Commercial software, or, seldom, payware, is a computer software that is produced for sale or that serves commercial purposes. Commercial software can be proprietary software or free and open-source software.

== Background and challenge ==
While software creation by programming is a time and labor-intensive process, comparable to the creation of physical goods, the reproduction, duplication and sharing of software as digital goods is in comparison disproportionately easy. No special machines or expensive additional resources are required, unlike almost all physical goods and products. Once the software is created it can be copied in infinite numbers, for almost zero cost, by anyone. This made commercialization of software for the mass market in the beginning of the computing era impossible. Unlike hardware, it was not seen as trade-able and commercialize-able good. Software was plainly shared for free (hacker culture) or distributed bundled with sold hardware, as part of the service to make the hardware usable for the customer.

Due to changes in the computer industry in the 1970s and 1980s, software slowly became a commercial good by itself. In 1969, IBM, under threat of antitrust litigation, led the industry change by starting to charge separately for (mainframe) software and services, and ceasing to supply source code. In 1983 binary software became copyrightable by the Apple vs. Franklin law decision, before only source code was copyrightable. Additionally, the growing availability of millions of computers based on the same microprocessor architecture created for the first time a compatible mass market worth and ready for binary retail software commercialization.

Examples of commercial software include Microsoft Windows and Microsoft Office.

== Commercialization models for software ==

Common business wisdom is that software as digital good can be commercialized to the mass-market most successfully as proprietary good, meaning that the free sharing and copying of the users ("software piracy") can be prevented. Control over this can be achieved by copyright which, along with contract law, software patents, and trade secrets, provides a legal basis for the software's owner, the intellectual property (IP) holder, to establish exclusive rights on distribution and therefore commercialization. Technical mechanisms which try to enforce the exclusive distribution right are copy-protection mechanisms, often bound to the physical media (floppy disc, CD, etc.) of the software, and digital rights management (DRM) mechanisms which try to achieve the same also in physical media-less digital distribution of software.

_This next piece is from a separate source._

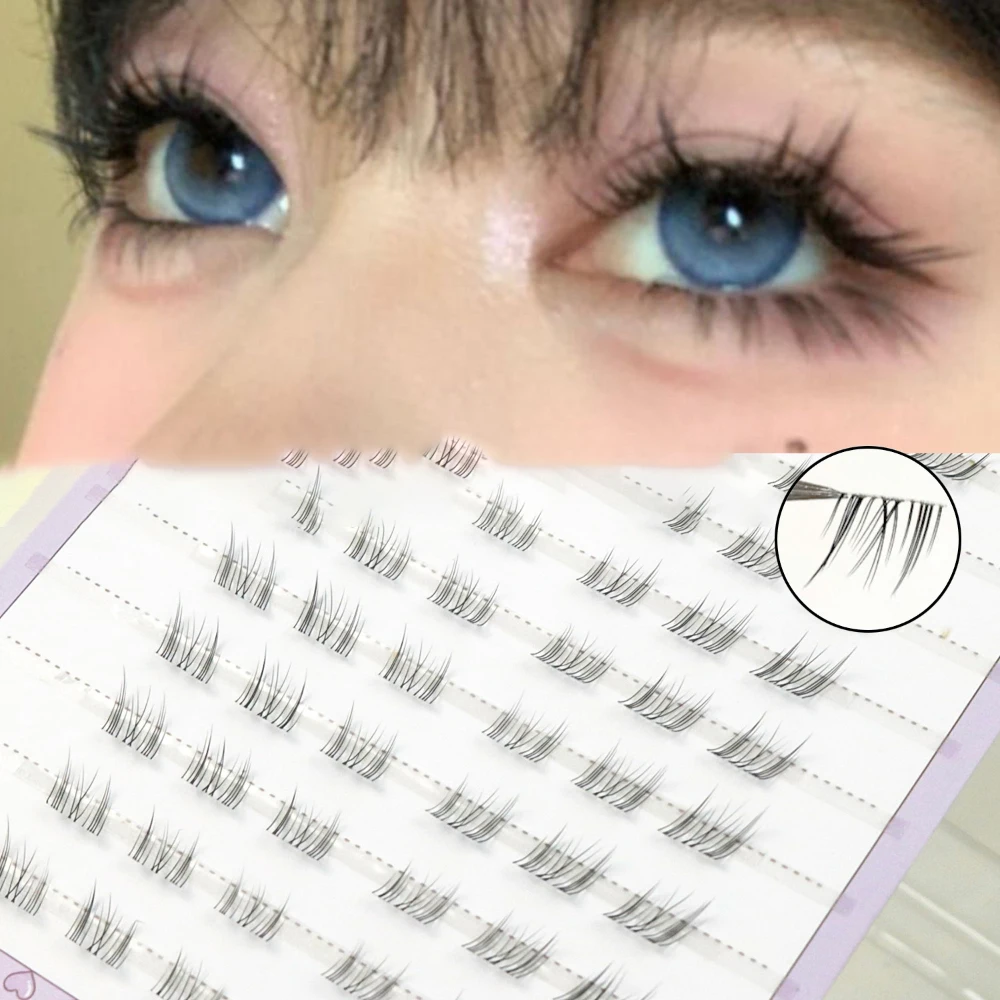 10 صفوف الثعلب الرموش السفلية ذاتية اللصق مجموعة واحدة الطبيعية مانغا السفلى رمش تمديد أدوات ماكياج للمبتدئين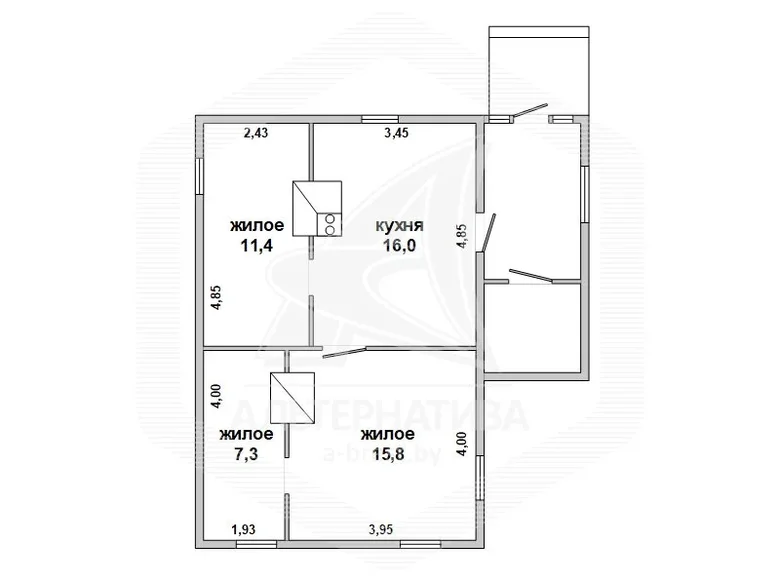 House 50 m² Malaryta, Belarus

When software is sold in binary form only ("closed source") on the market, exclusive control over software derivatives and further development are additionally achieved. The reverse engineering reconstruction process of complex software from its binary form to its source code form, required for unauthorized third-party adaptation and development, is a burdensome and often impossible process. This creates another commercialization opportunity of software in source code form for a higher price, e.g. by licensing a game engine's source code to another game developer for flexible use and adaptation.

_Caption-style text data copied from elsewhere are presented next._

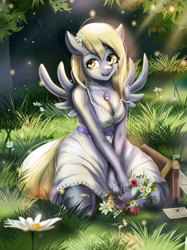 Size: 850x1135 | Tagged: safe, artist:mdwines, character:derpy hooves, species:anthro, species:pegasus, g4, breasts, cleavage, clothing, cute, derpabetes, dress, featured on derpibooru, female, flower, flower in hair, forest, grass, jewelry, kneeling, mail, mare, necklace, open mouth, open smile, outdoors, park, smiling, solo, spread wings, summer, white dress, wings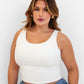 Essential Scoop Neck Tank Crop Top - White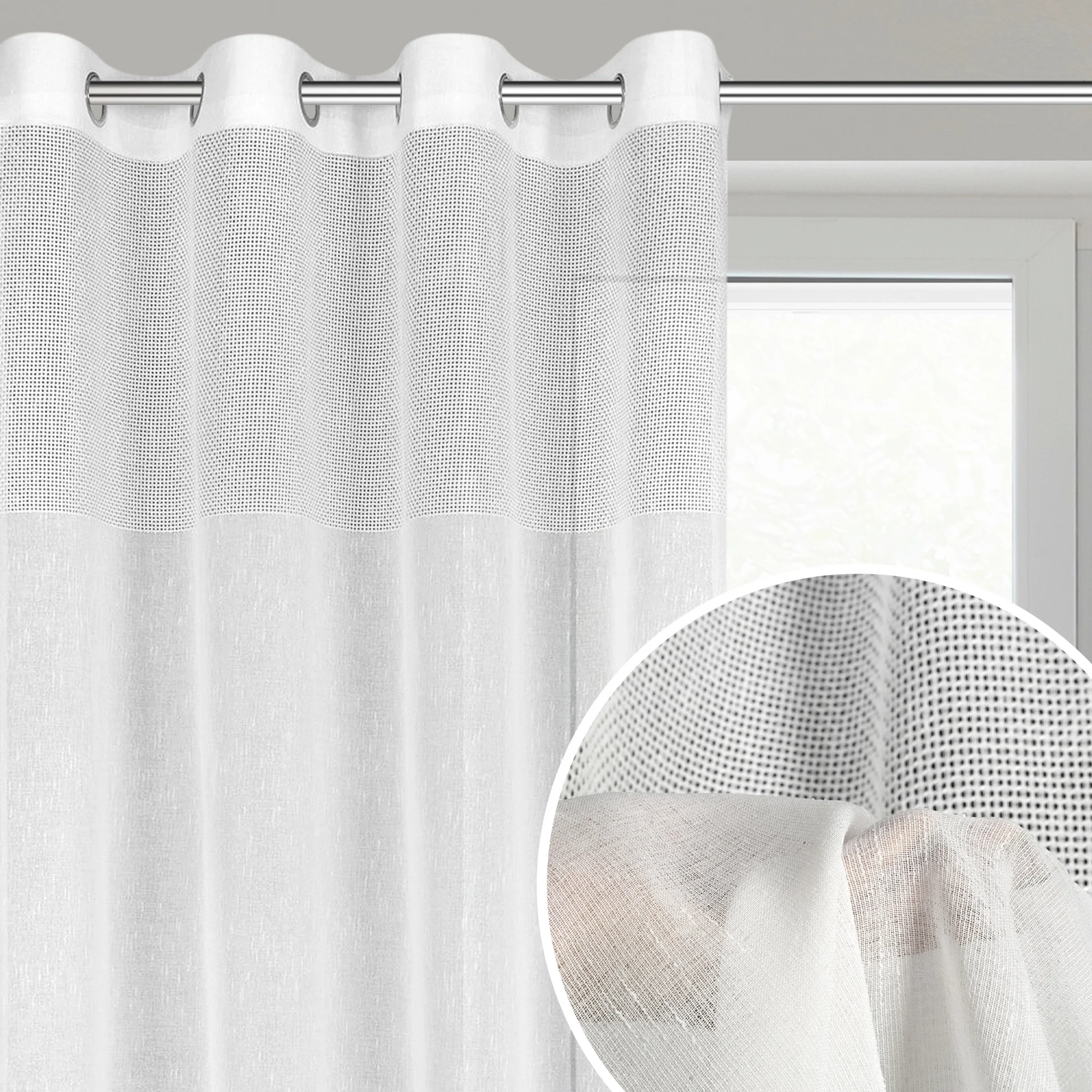 Firana biała w stylu eko z etaminy z ozdobnym ażurowym pasem 140x250 cm przelotka MARISA | eurofirany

This business model, also called "research and development model", "IP-rent model" or "proprietary software business model", was described by Craig Mundie of Microsoft in 2001 as follows: "[C]ompanies and investors need to focus on business models that can be sustainable over the long term in the real world economy…. We emphatically remain committed to a model that protects the intellectual property rights in software and ensures the continued vitality of an independent software sector that generates revenue and will sustain ongoing research and development. This research and development model … based on the importance of intellectual property rights [was the] foundation in law that made it possible for companies to raise capital, take risks, focus on the long term, and create sustainable business models…. [A]n economic model that protects intellectual property and a business model that recoups research and development costs have shown repeatedly that they can create impressive economic benefits and distribute them very broadly."

=== Free and open-source software commercialization ===

While less common than commercial proprietary software, free and open-source software may also be commercial software in the free and open-source software (FOSS) domain. But unlike the proprietary model, commercialization is achieved in the FOSS commercialization model without limiting the users in their capability to share, reuse and duplicate software freely. This is a fact that the Free Software Foundation emphasizes, and is the basis of the Open Source Initiative.

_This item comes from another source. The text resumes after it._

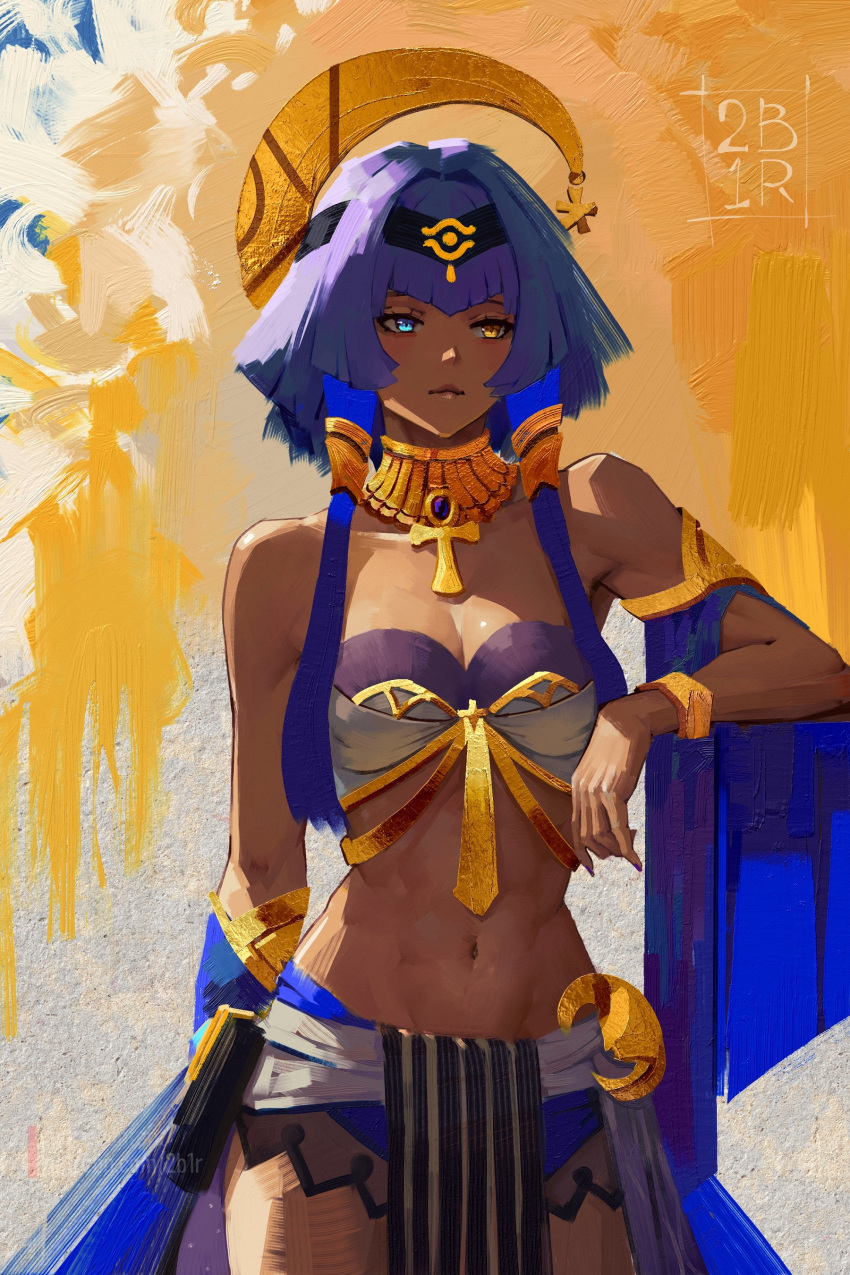 1girl absurdres ankh arm_up artist_name bare_shoulders blue_eyes blue_hair blush breasts candace_(genshin_impact) cleavage closed_mouth commentary dark-skinned_female dark_skin egyptian egyptian_clothes eye_of_horus faux_traditional_media genshin_impact gold_choker gold_trim hair_ornament hairband heterochromia highres impasto jewelry looking_at_viewer medium_breasts navel neck_ring painterly ravine_bells short_hair_with_long_locks sidelocks solo standing stomach yellow_eyes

Under a FOSS business model, software vendors may charge a fee for distribution and offer paid support and software customization services.
Proprietary software uses a different business model, where a customer of the proprietary software pays a fee for a license to use the software.
This license may grant the customer the ability to configure some or no parts of the software themselves.
Often some level of support is included in the purchase of proprietary software, but additional support services (especially for enterprise applications) are usually available for an additional fee.
Some proprietary software vendors will also customize software for a fee.
Free software is often available at no cost and can result in permanently lower costs compared to proprietary software.
With free software, businesses can fit software to their specific needs by changing the software themselves or by hiring programmers to modify it for them.
Free software often has no warranty, and more importantly, generally does not assign legal liability to anyone.
However, warranties are permitted between any two parties upon the condition of the software and its usage.
Such an agreement is made separately from the free software license.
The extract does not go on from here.